With PLACEs for variables and literals, you can easily get:
mov esi, [ebp + x]
add esi, 1
mov [ebp + x], esi
By making the code generator aware of the PLACE where the assignment needs to put its answer, you can get
add [ebp + x], 1
or equivalently
inc [bp + x]
Accomplish this by adding a parameter PLACE *target
to the code generator that describes where the final value of the computed expression value needs to go. If you're not currently compiling an expression, this is set to NULL. Note that with target
, the code generator invariant changes: The expression result's PLACE is at the top of the operand stack unless target
is set. In that case, it's already been computed into the target's PLACE.

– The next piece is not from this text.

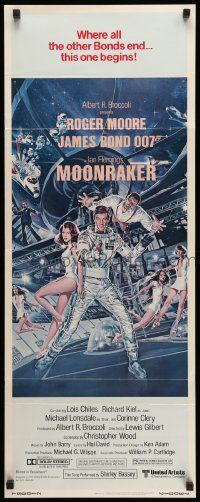 8m818 MOONRAKER insert '79 art of Moore as James Bond & sexy Lois Chiles by Goozee!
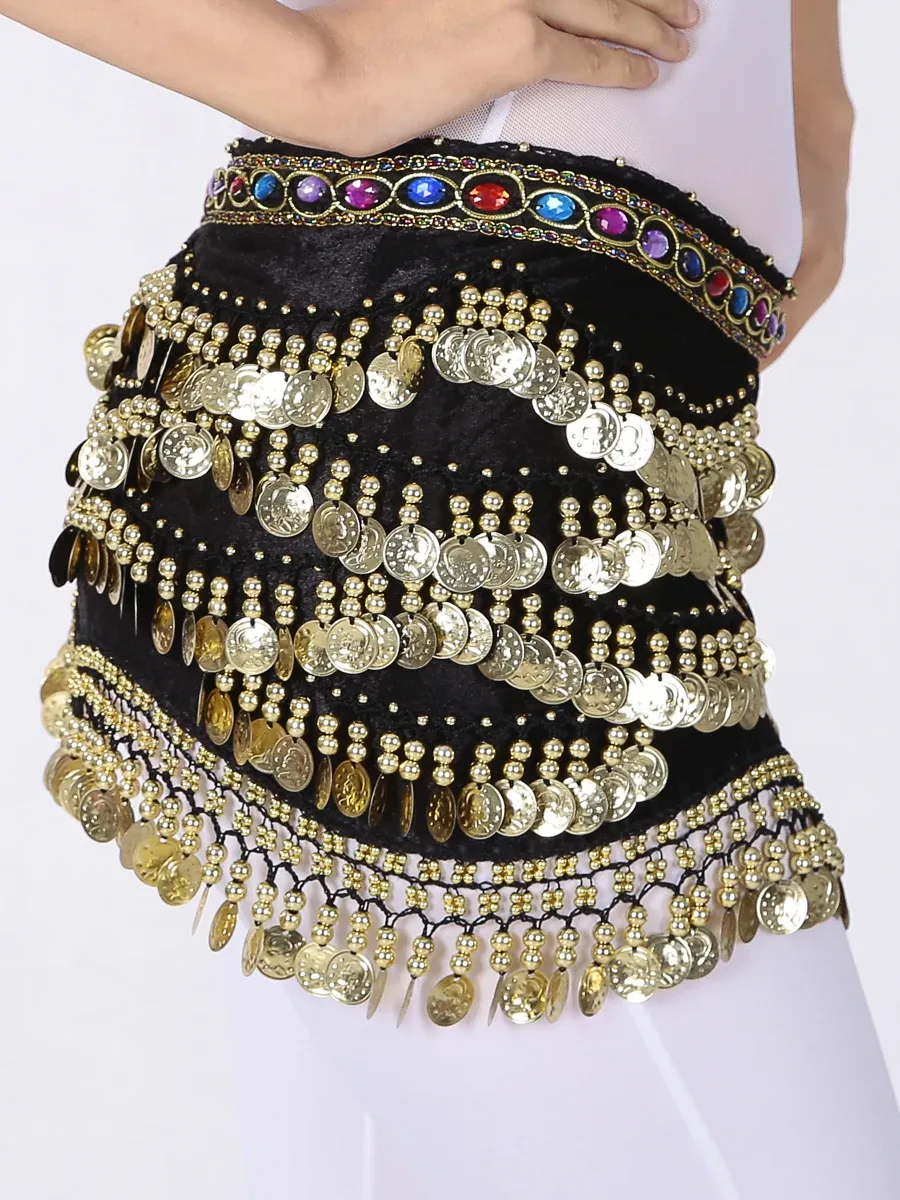 Belly Dance Hip Scarf With Rhinestones & Long Tassels - Waist Chain Costume Accessory For Performances & Parties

How would this work on x = x + 1
? The ASSIGNMENT
case in the emit_code_for
procedure would provide the target
as the PLACE for x
when it calls itself recursively to compile x + 1
. This delegates responsibility downward for getting the computed value to the right memory location, which is x
. The emit_code_for
case for ADD
ow calls emit_code_for
recursively to evaluate the operands x
and 1
onto the stack. Since we have PLACEs for user variables and immediate values, these are pushed on the stack while generating no code at all. The ADD
emitter must now be smart enough to know that if it sees a memory location L and a literal constant C on the stack and the target is also L, then it can emit add L, C
, and it's done.
Remember that every time you make the code generator "smarter" by providing it with more information to make its decisions like this, it will become longer and more complicated because there are more cases to handle.